Callicoon Fine Arts is pleased to present Divvy fair, by Kahlil Robert Irving, a series of eight porcelain and stoneware sculptures and two digital collages. Irving’s practice challenges constructs around decorative arts, monuments, and how race has been reinforced in America. This installation is an extension of Street Views, an ongoing series of sculptures and installations Irving began in 2013.
Irving has lived, studied, and worked in Saint Louis for a decade. The sculptures in this installation reference the city’s current state of decay and compression, as well as deeper cultural and social tensions within the city. Combining different construction methods such as extrusion and sprig molds, the new sculptures resemble amalgams of concrete, crumpled aluminum foil, and found objects. They include handmade tubes, found architectural motifs, and slip-cast porcelain objects made by the artist. The assemblages are glazed and adorned with different colored enamels and metallic lusters. The myriad of textures and trompe-l’oeil objects in the works trace a lineage from China's Ming dynasty objects to German Meissen wares to 20th century kitsch objects and 21st century meme production.
For Divvy fair, Irving maintains his engagement with contemporary instances of violence and terror against Black Americans at the hands of law enforcement. In both the sculptures and digital collages, screenshots and scans of newspaper headlines and documentary photography become image transfers that track the misconduct surrounding the murder of Anthony Lamar Smith in the greater St. Louis area. Other clippings illustrate the militarization of the police in response to civilian protests in St. Louis and beyond, most recently prompted by the acquittal of Jason Stockley and his charge to sue the government for malicious prosecution. Text from the public record of Stockley’s lawsuit is also applied to some of these works. Irving also observes forces of segregation and gentrification by incorporating signs and symbols, memes and patterns, that allude to these processes. This most recent body of work proffers a lyrical and elegiac sense of both belonging and loss.
The textural density of these works exceeds the physical and relates to the ethos of the contemporary city. Each artwork extends the possibility of sculpture form, emerging from an unknown city’s sidewalks and the cracks in between. Irving’s work appeals to the potential of both the historical and imaginary to inform the present.

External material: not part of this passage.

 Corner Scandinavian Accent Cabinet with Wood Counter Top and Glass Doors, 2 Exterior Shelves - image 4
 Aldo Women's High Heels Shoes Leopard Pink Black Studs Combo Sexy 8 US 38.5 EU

Kahlil Robert Irving is an artist born in San Diego, California, in 1992, currently living and working in St. Louis. He attended the Sam Fox School of Design and Visual Art, Washington University, in St. Louis (MFA, 2017) and the Kansas City Art Institute (BFA, Art History and Ceramics, 2015). In 2017, Callicoon Fine Arts mounted his first solo exhibition in New York titled Streets:Chains:Cocktails. Since then, his work has been exhibited at the Nerman Museum of Contemporary Art, Kansas; the Craft and Folk Art Museum, Los Angeles; the RISD Museum, Rhode Island; among others. Between September and December 2018, Irving had a solo exhibition at Wesleyan University in Connecticut titled Street Matter – Decay & Forever / Golden Age. Irving was a 2018 Artist in Residence at Art Omi and the 2017–18 Alice C. Cole Fellow at Wellesley College, Massachusetts. Starting in 2018, Irving has been honored as the Robert Chapman Turner Teaching Fellow in Ceramic Art at Alfred University in Alfred, New York. His work is in the collections of the Nerman Museum of Contemporary Art, Kansas; The RISD Museum, Providence, the Riga Porcelain Museum, Latvia; J.P Morgan Chase Art Collection, New York; The Ken Ferguson Teaching Collection at the Kansas City Art Institute, Missouri; the Foundation for Contemporary Ceramic Art, Kecskemet, Hungary; and the Bezalel Academy of Art and Design, Jerusalem.